§ **Exercise prompt**
Reproduce the data below word for word, setting aside any picture it holds.

§ **Source material**
· · · · ·

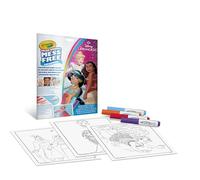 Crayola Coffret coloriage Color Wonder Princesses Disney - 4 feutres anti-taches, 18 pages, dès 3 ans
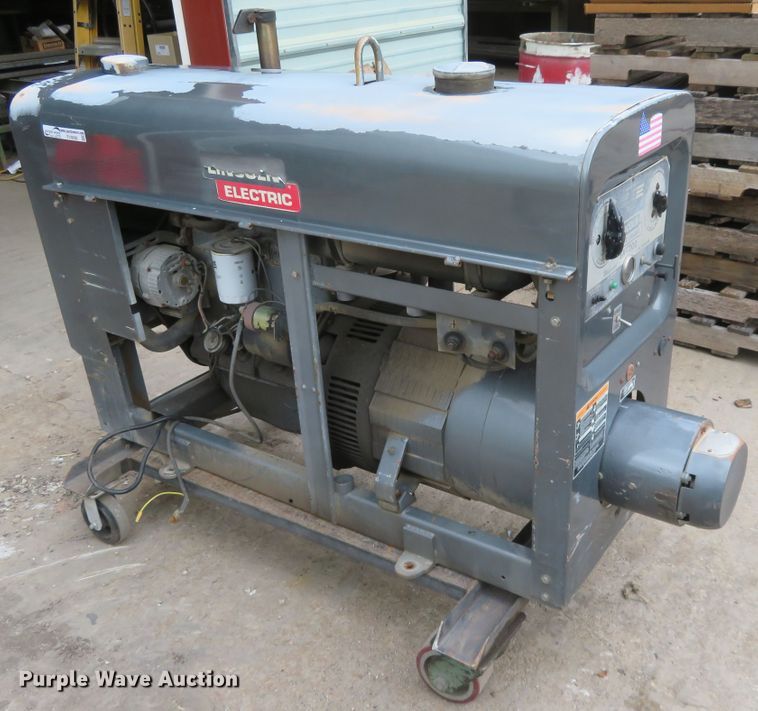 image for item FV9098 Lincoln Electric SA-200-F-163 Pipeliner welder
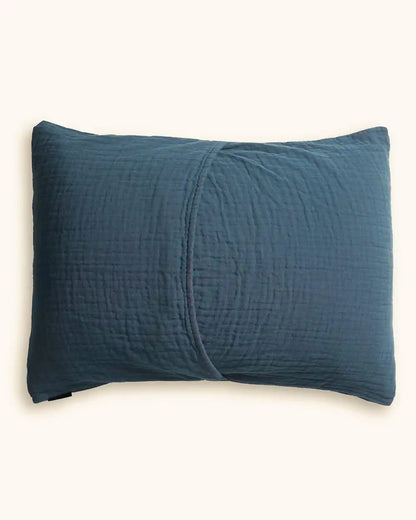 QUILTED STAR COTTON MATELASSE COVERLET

· · · · ·

§ **Result for this exercise**
 Crayola Coffret coloriage Color Wonder Princesses Disney - 4 feutres anti-taches, 18 pages, dès 3 ans
 image for item FV9098 Lincoln Electric SA-200-F-163 Pipeliner welder
 QUILTED STAR COTTON MATELASSE COVERLET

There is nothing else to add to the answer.